I have said that, at Aix-la-Chapelle, Gustavus III. lived among us as a private individual under the name of Count de Haga. He constituted the charm of society, by the vivacity of his wit and the interest he imparted to his conversation. I had heard from his own mouth his famous Revolution of 1772, and I was in the happiest situation to obtain a thorough knowledge of that epoch of the history of Sweden. I was, at the same time, very well acquainted with a Baron de Sprengporten, who, after having displayed great zeal for Gustavus, had the misfortune to remove to Russia, and to return at the head of foreigners to fight against his country. The consequence was that sentence of death had been passed upon him in Sweden. He was also at Aix-la-Chapelle at the moment, and had banished himself from it, out of courtesy, he said, on the arrival of Gustavus. He had not, however, removed farther off than half a league, so that all I heard the King say in the evening was controverted, modified, or confirmed for me the next morning at breakfast by the Baron. He had enjoyed a very considerable share of that Prince’s confidence, and he communicated the most numerous and minute particulars, as positive facts, respecting the romance of the birth of Gustavus IV., who had been represented as altogether unconnected by blood with Gustavus III., according to his full knowledge and his own desire.
The Emperor observed that this same Sprengporten had been actually sent to him as envoy by Paul, at the time of his Consulate. With respect to Gustavus IV., he said that that Prince had, on his appearance in the world, announced himself as a hero, and had terminated his career merely as a madman, and that he had distinguished himself in his early days by some very remarkable traits.
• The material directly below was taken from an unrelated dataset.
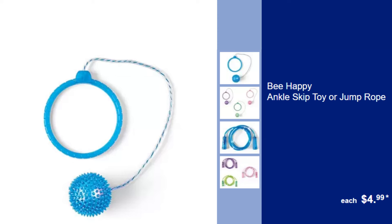Be Happy Ankle Skip Toy or Jump Rope, $4.99. Keep active and have fun with these classic outdoor toys, great for improving coordination.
While yet a boy, he had insulted Catharine by the refusal of her grand-daughter, at the moment even when that great Empress[Empress] seated on her throne, and surrounded by her Court, waited only for him to celebrate the marriage ceremony.
At a later period, he had insulted Alexander, in no less marked a manner, by refusing, after Paul’s catastrophe, to suffer one of the new Emperor’s officers to enter his dominions, and by answering, to the official complaints addressed to him on this subject, that Alexander ought not to be displeased that he, Gustavus, who still mourned the assassination of his father, should shut the entrance of his States against one of those, accused by the public voice of having immolated his (Alexander’s).
“On my accession to the sovereignty,” said the Emperor, “he declared himself my great antagonist; it might have been supposed that nothing short of renewing the exploits of the great Gustavus Adolphus would have satisfied him. He ran over the whole of Germany, for the purpose of stirring up enemies against me. At the time of the catastrophe of the Duke d’Enghien, he swore to avenge it in person; and at a later period, he insolently sent back the black eagle to the King of Prussia, because the latter had accepted my legion of honour.
“His fatal moment at length arrived; a conspiracy, of no common kind, tore him from the throne and banished him from his country. The unanimity evinced against him is, no doubt, a proof of the blunders which he had committed. I am ready to admit that he was inexcusable and even mad, but it is, notwithstanding, extraordinary and unexampled that, in that crisis, not a single sword was drawn in his defence, whether from affection, from gratitude, from virtuous feeling, or even from stupidity, if you please; and truly, it is a circumstance which does little honour to the atmosphere of Kings.”